If you look at the image on your screen, you can see an early interior view of the nave, the long central hall of the church, after it became museum space. That huge hall now holds the Upper Rhine’s broad sweep of cultural history: cathedral treasure, tapestries from Basel and Strasbourg, fragments of Basel’s Dance of Death, coins, glass painting, altars, and the plain everyday objects that tell you how people actually lived.

During the major renovation from nineteen seventy-five to nineteen eighty-one, workers found a brick grave chamber in front of the choir, the area near the altar. Inside lay Anna Catharina Bischoff, mummified and astonishingly preserved. Later research identified her, adding one more thread to Basel’s buried stories. Basel can be wonderfully serious, then suddenly hand you a detail like that with a straight face.

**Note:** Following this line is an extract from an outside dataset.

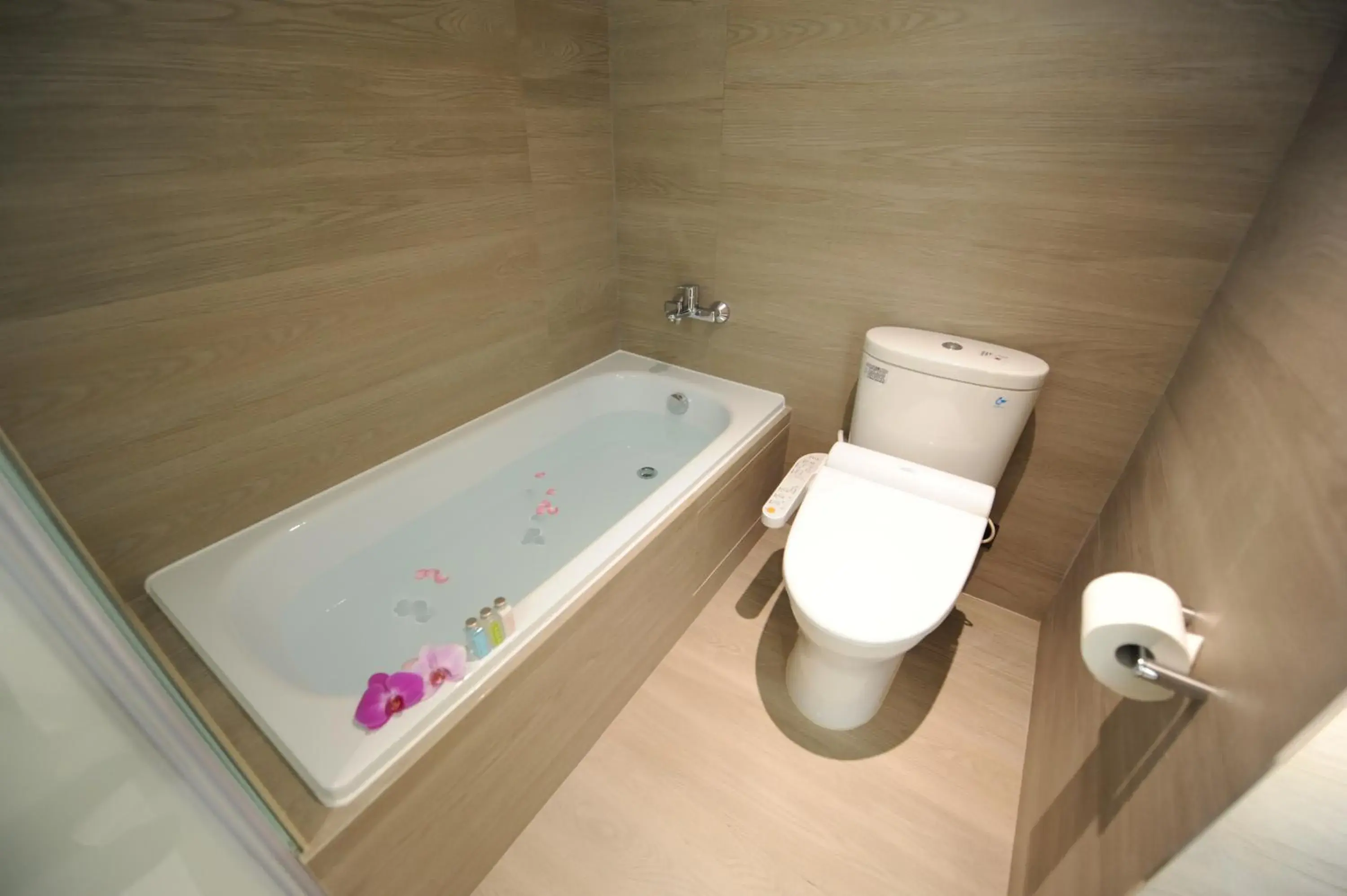 Bathroom in Kaohsiung International Plaza Hotel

Another image in the app shows one of the museum’s glittering reliquaries, containers for saints’ relics, a reminder that craft here was never merely decorative; it carried belief, status, and memory all at once. That confidence in preserving, reframing, and showing off old things will appear again very soon, especially at the art institutions nearby. Kunsthalle Basel is about a one-minute walk from here. If you want to visit later, this museum is closed on Monday and otherwise open from ten to five.